The treatments from here on out will be reduced to one day. After three rounds of back-to-back two day chemotherapy sessions with a third day of treatment provided by an attached automatic injection device he wears home with him, Daddy is now 2/3 of the way through his treatment regimen. The doctor remains optimistic the remaining lesions can be healed by the end of the treatment period in July. I am hoping she is right.

We reward ourselves with a lunch at Lee’s Famous Recipe Chicken, one of my Dad’s favorite places famous among locals for its soul food. Daddy gets the chicken gizzards. He’ll need a lot of hot sauce to finish up the dozen pieces plunked down on our table by an ancient black woman who calls everyone honey and smiles revealing gold capped teeth. She fishes the hot sauce and ketchup packages out of her apron pockets. Daddy will leave Ruth a tip at the end of the meal, a rarity in this fast food joint. Ruth will thank him and bless him repeatedly as we depart.

My sister’s house is close to the restaurant so we go to there to await her arrival after work.
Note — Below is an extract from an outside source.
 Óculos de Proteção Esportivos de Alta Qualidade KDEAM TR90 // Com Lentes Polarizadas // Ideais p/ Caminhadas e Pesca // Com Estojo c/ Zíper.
Her boys come in after school about 3:30 waking both of us from our naps. They adore their granddaddy and will even watch the Fox channel with him. He is intent on hearing the business report.

The older boy graduates from high school in two weeks and we rode by the Livestock Pavilion on the north side of town to make sure we knew where to go. The ceremony begins there at 8 AM which means Andy and I will need to leave Orlando by 6 AM to pick up Daddy and get there on time. The younger boy is trying to find a summer job and is working on getting his soccer skills in shape for the coming school year. He’ll be a junior next year.
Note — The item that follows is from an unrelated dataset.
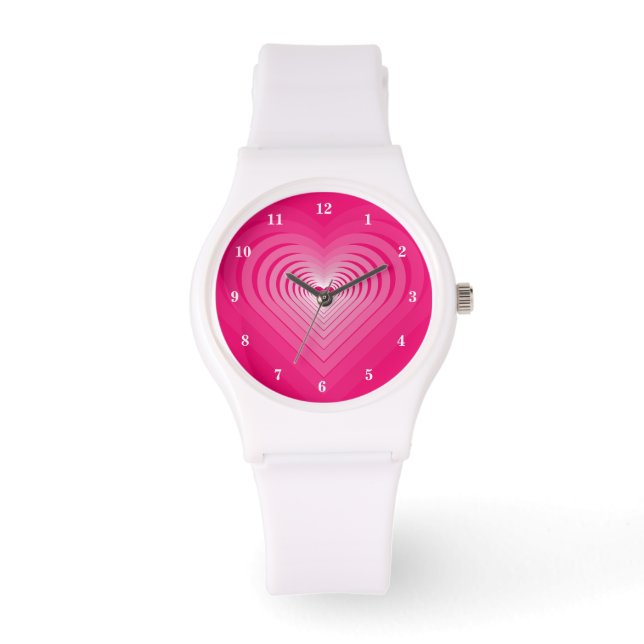 Pink Heart Watch Horloge (Voorkant)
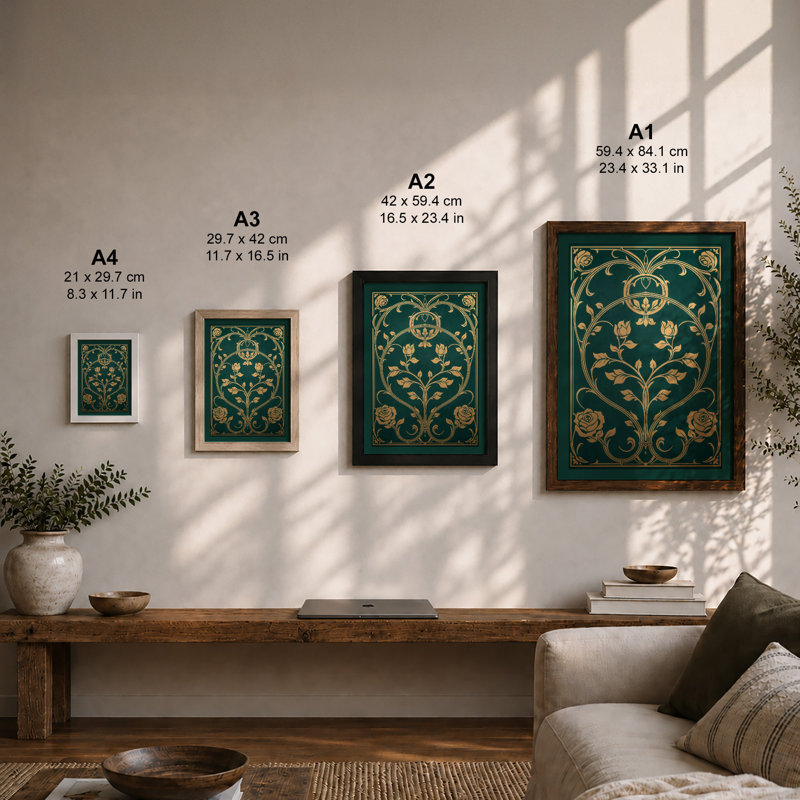 Gilded Urn Botanical - Framed Print, Oak, A4 - 29.7 x 21.0 cm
With the arrival of my sister, it’s time for supper. We head to Aunt Fanny’s, yet another soul food joint frequented by the locals, where the vegetable plate with lima beans, fried okra and greens and a big chunk of cornbread is often the favorite meal in the house. Tonight we all enjoy a round of fried green tomatoes before our dinners arrive, swilling down iced tea served in plastic glasses big enough to take a swim in.
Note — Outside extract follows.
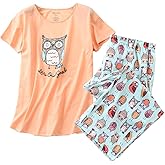 ENJOYNIGHT Womens Pajama Sets Cotton Pj Set Short Sleeve Top With Capri Pants Sleepwear 2 Piece Lounge Set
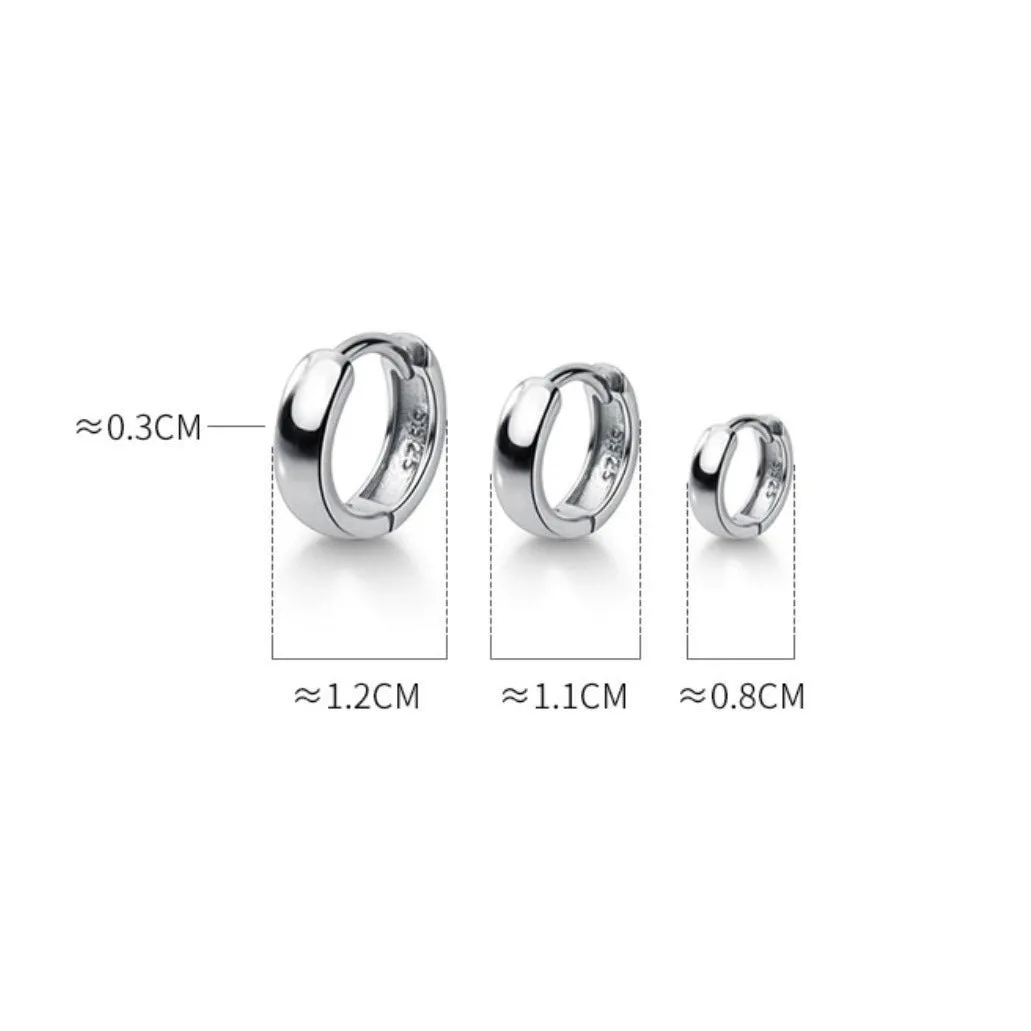 Solid Silver Small Huggie Earrings-SH005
After dinner, as my Dad and I head home, we drive down the local back road to Sumter County, a canopy road that snakes through horse country and patches of rare surviving Central Florida highland woods. The sun is setting through the limbs of the live oaks on the west side of the highway, the Spanish moss swaying in the breeze sending alternating flashes of light and darkness down the grey worn two lane roadbed.

We talk about my Dad’s desires for cremation and internment with my Mother in the VA Cemetery near Bushnell. It’s the town where he was born and I was raised. He talks about his bequests to his children and grandchildren, about what he wants me, his lawyer kid, to do as the personal representative of his estate.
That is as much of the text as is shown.